(Problem details) Your copy should match the records exactly, apart from the pictures, which stay out.

>>>>>

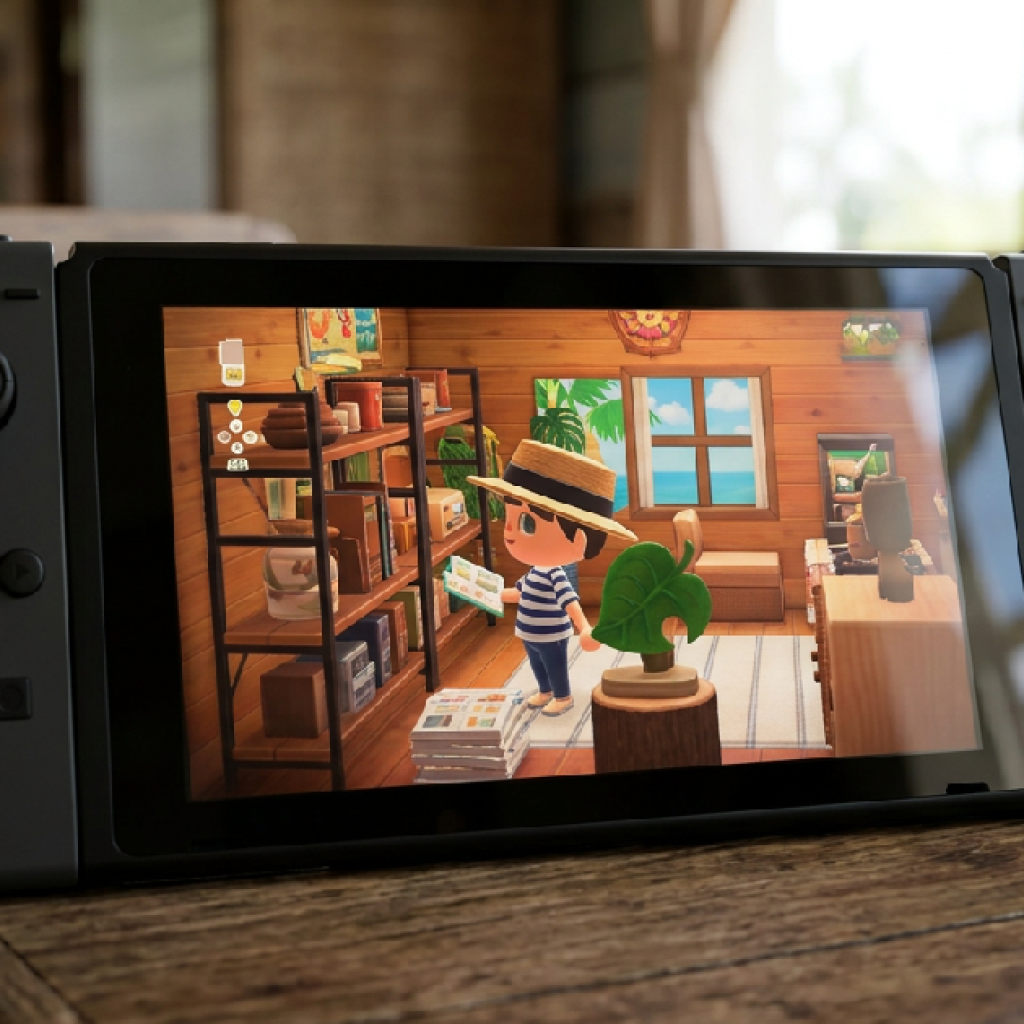 นินเทนโดเดินหน้าอัปเดต Animal Crossing ปรับปรุงการจัดการคลังพร้อมเปิดระบบไอเทมพิเศษรอบใหม่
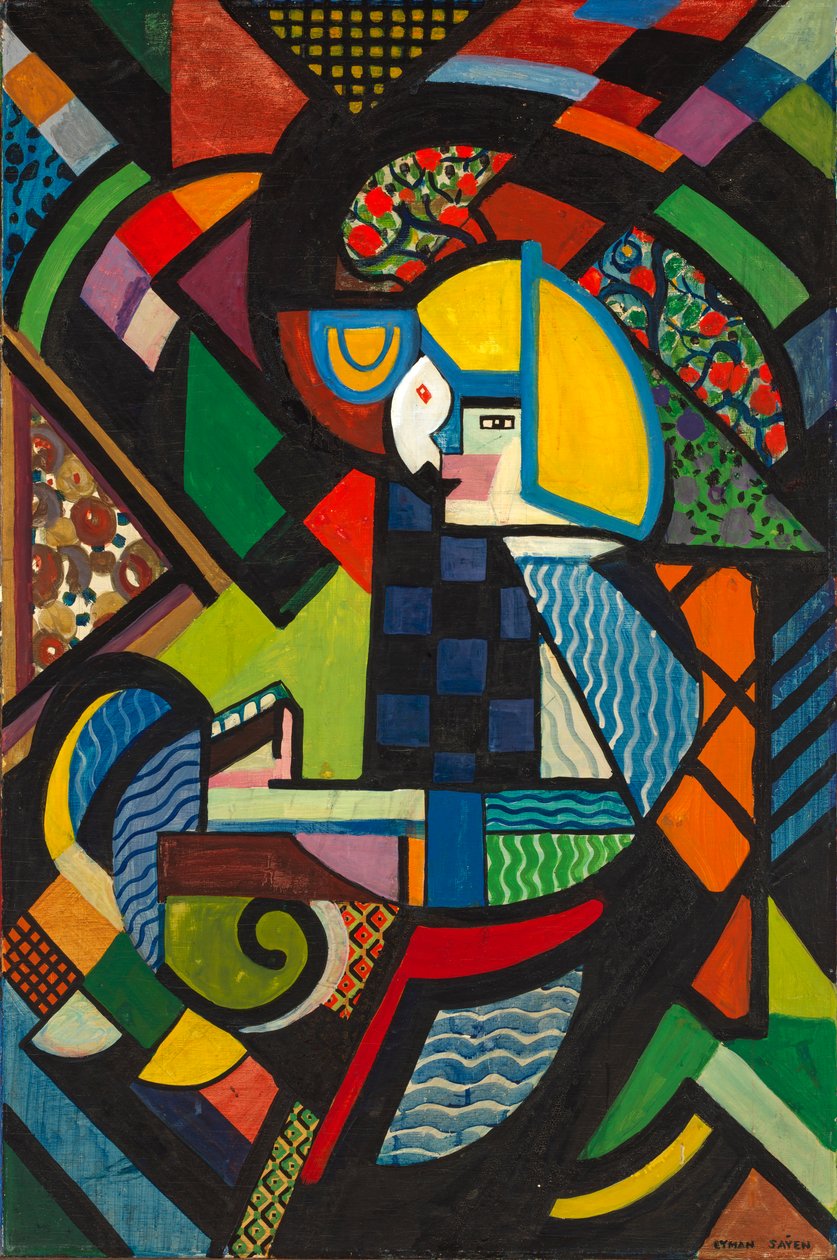  by H. Lyman Sayen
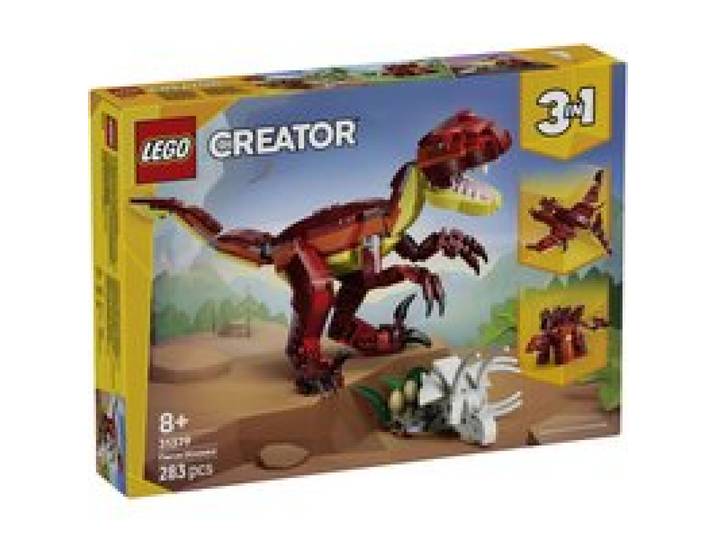 31379 Wilder Dinosaurier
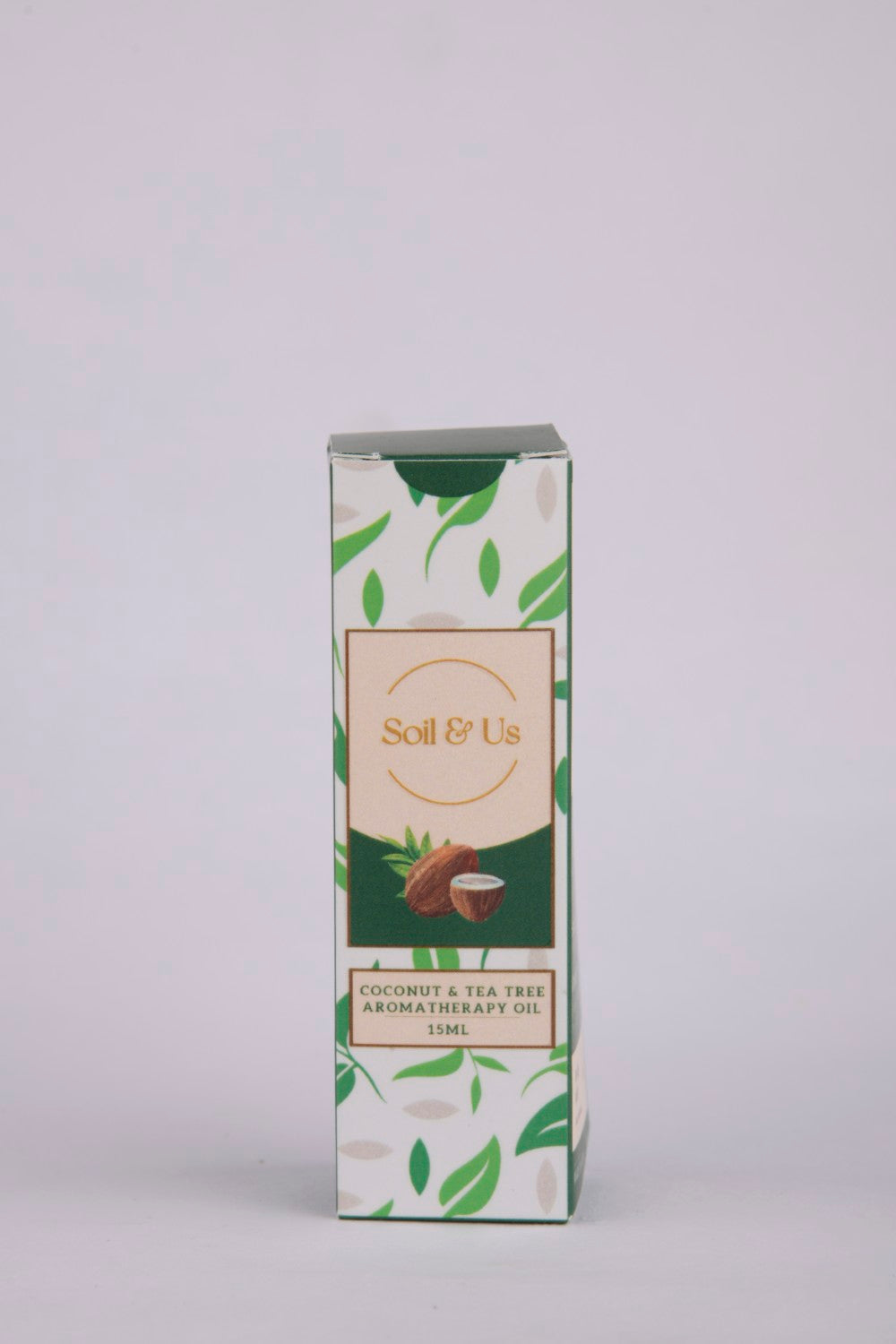 THE COCONUT & TEA TREE AROMATHERAPY OIL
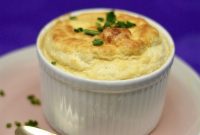 Jenny Costa’s Masterful Cheese Soufflé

<<<<<

(Solution)
 นินเทนโดเดินหน้าอัปเดต Animal Crossing ปรับปรุงการจัดการคลังพร้อมเปิดระบบไอเทมพิเศษรอบใหม่
  by H. Lyman Sayen
 31379 Wilder Dinosaurier
 THE COCONUT & TEA TREE AROMATHERAPY OIL
 Jenny Costa’s Masterful Cheese Soufflé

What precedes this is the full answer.